Democratic election lawyer Chris Deluzio won the race for an open U.S. Senate seat on Tuesday. Defeated a Republican businessman and former township commissioner for a House seat north of Pittsburgh.
Deluzio will represent a district that has largely elected Democratic U.S. Rep. Conor Lamb to Congress for the past two terms. It became vacant for this year’s election when Lamb decided not to run for reelection in what proved to be a futile attempt to secure his party’s nomination for U.S. Senate. Senate.
He defeated Republican candidate Jeremy Shaffer, a former Ross Township commissioner who ran as a pragmatic problem solver.
As a result, Republicans’ hopes of regaining majority control of the United States have been dashed. In January, the House of Representatives.
Deluzio’s campaign biography mentioned his participation in last year’s effort to establish a faculty union at the University of Pittsburgh.
Shaffer has stated that he plans to run for Congress as a “pragmatic, common sense problem solver” who supports term limits and nonpartisan redistricting policies.

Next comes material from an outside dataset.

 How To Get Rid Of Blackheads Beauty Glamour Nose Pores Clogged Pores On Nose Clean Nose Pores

Pennsylvania’s delegation has been redistricted twice in recent years, once due to a court challenge and again due to the 2020 census, and the state has lost one seat in Congress this year due to its low population growth.
Democratic U.S. Reps. Matt Cartwright of Scranton and Susan Wild of the Lehigh Valley faced rematches with Republican candidates they narrowly defeated two years ago.

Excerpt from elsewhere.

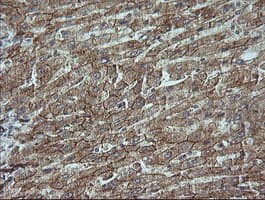 CTNNB1 / Beta Catenin Antibody (clone OTI9C1, Carrier-free)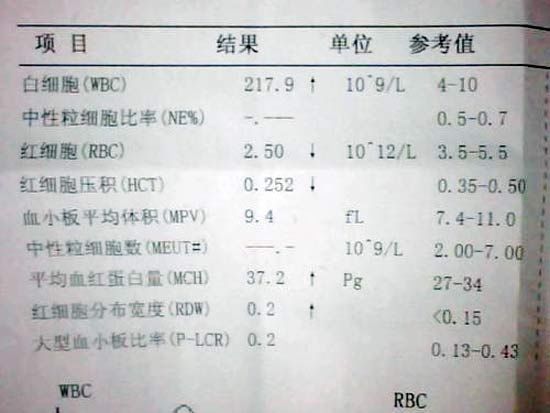 读懂血常规报告单,孩子疾病早知道(图)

In Pennsylvania’s competitive congressional races, Democrats emphasized their support for abortion rights, while Republicans reminded voters how inflation and other economic issues are affecting their lives.
According to the AP VoteCast, a large survey of more than 3,100 Pennsylvania voters, roughly 8 in 10 believe the country is heading in the wrong direction.
According to the survey, roughly half of the state’s voters believe the economy and jobs are the most pressing issues confronting the country.
The Supreme Court’s decision to overturn Roe v. Wade also played a role in the majority of voters’ decisions, with roughly 8 in 10 citing it as a factor. Only about a quarter said it was the most important factor, with more of those voters supporting Fetterman.
According to the survey, the majority of voters are confident that ballots will be counted correctly, though nearly one-third are either not too confident or not at all confident.
Republicans in northeastern Pennsylvania hoped that conservative activist and former Trump administration official Jim Bognet would overturn his 3.6-point loss to Cartwright in 2020. A Republican victory in that seat in a region where the GOP has made gains in recent years would be felt in Washington, given that President Joe Biden grew up in Scranton.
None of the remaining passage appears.